A esse respeito, há assim uma distância considerável entre o pecador que é como
um cego a seu respeito e aquele que progride na ascese. Enquanto este as desaloja
nos recônditos mais escondidos de sua alma, aquele se crê isento delas desde que
não atinjam proporções extraordinárias em relação ao estado de decadência médio
da humanidade ambiente. É assim que São Macário observa: “Tanto tempo quanto
um ser humano é retido nas coisas visíveis deste mundo, cercado das diversas
cadeias da terra, arrastado pelas más paixões, ele não sabem nem mesmo que há
um outro combate, uma outra luta, uma outra guerra dentro dele. De fato, só
quando um ser humano levanta-se para combater e se libertar de todos os laços
visíveis deste mundo [...] e começa a permanecer com perseverança diante do
Senhor, esvaziando-se deste mundo, só assim ele pode conhecer o combate interior
das paixões que se ergue nele, a guerra interior e os pensamentos maus. Como
dissemos, tão longo tempo quanto alguém não luta, não renuncia ao mundo, não se
desprende de todo o seu coração da cobiça terrestre, não quer se unir inteiramente
e sem reserva ao Senhor, ele não conhece sem as astúcias secretas dos espíritos de
malícia, nem as paixões escondidas nele. Mas ele é estranho a si mesmo, não
sabendo que traz em si as chagas das paixões secretas”. Notemos que, de todas as
paixões, é o orgulho que obnubila mais a consciência do ser humano e o leva a ser
inconsciente de suas doenças, tanto das menores ou mais sutis como das mais
importantes. “O orgulho”, diz São João Clímaco, “produz um total esquecimento
dos pecados”. “A maioria dos orgulhosos”, constata ele ainda, “ignoram a si mesmos
e acreditam ser impassivos; somente na hora da morte eles descobrem a sua
pobreza”. Aliás, ao orgulho está ligado o que os Padres chamam de “mania de se
justificar”, atitude pela qual o ser humano, em presença de seu pecado, recusa-se a
reconhecê-lo como seu, recalca a consciência.
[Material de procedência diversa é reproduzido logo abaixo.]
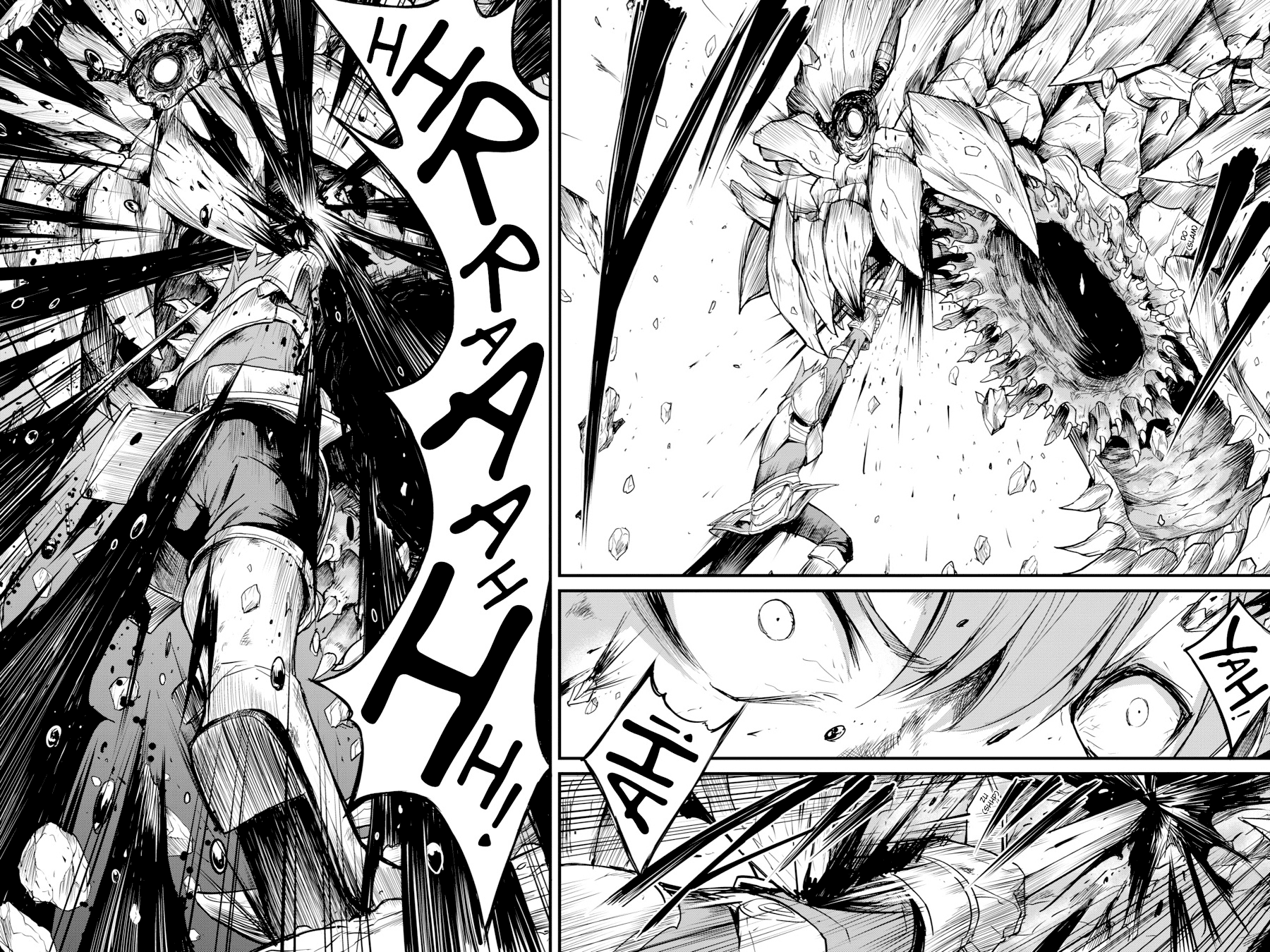 Read Goblin Slayer Year One ES Manga Online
Não é apenas por não ser suficientemente desperto espiritualmente que explica o
fato do ser humano ser total ou parcialmente inconsciente das paixões que o
habitam. Frequentemente, como observa São Máximo Confessor, as paixões estão
em um estado de anergesia (anergesia), em outras palavras, de inativação ou de
sono. Tal estado pode durar mais ou menos tempo e fazer o próprio espiritual
acreditar que está isento ou liberto desta ou daquela paixão, que faz algum tempo
não se manifestou ou até mesmo nunca se revelou. Assim, pode se estabelecer na
alma um estado de paz na verdade ilusório.
Pode acontecer também que o ser humano tenha a consciência abafada pelas
atividades mundanas múltiplas e febris às quais ele se entrega, que suas paixões lhe
sejam veladas por suas preocupações cotidianas que o impedem de considerar seu
estado. “Graças a seu corpo”, nota neste contexto São Doroteu de Gaza, “a alma é
distraída e aliviada de suas paixões. Mas “que venha um de vocês e que eu o feche
em uma cela escura, que ele passe somente três dias sem comer, sem beber, sem
dormir, sem ver ninguém, sem salmodiar, sem rezar, sem nunca se lembrar de
Deus, e ele verá o que lhe farão as paixões”.
Este ensinamento de São João Clímaco evidencia o fato de que a paixão, enquanto
não tiver sido totalmente extirpada, não somente subsiste na alma, mas nela se
desenvolve sem que a pessoa tenha consciência disso; tomando incremento, ela
adquire uma força que exerce uma pressão e a revelará com violência, assim que
um objeto que lhe seja conveniente lhe der a ocasião de se expressar, todavia com a
condição de que o ser humano esteja bastante desatento para lhe deixar o caminho
livre e não a dominar pela força da graça.
É evidente , desde este momento, que uma das primeiras funções da terapêutica
posta em prática para curar o ser humano decaído de suas paixões será fazer
aparecê-las bem claramente, torná-lo plenamente consciente delas.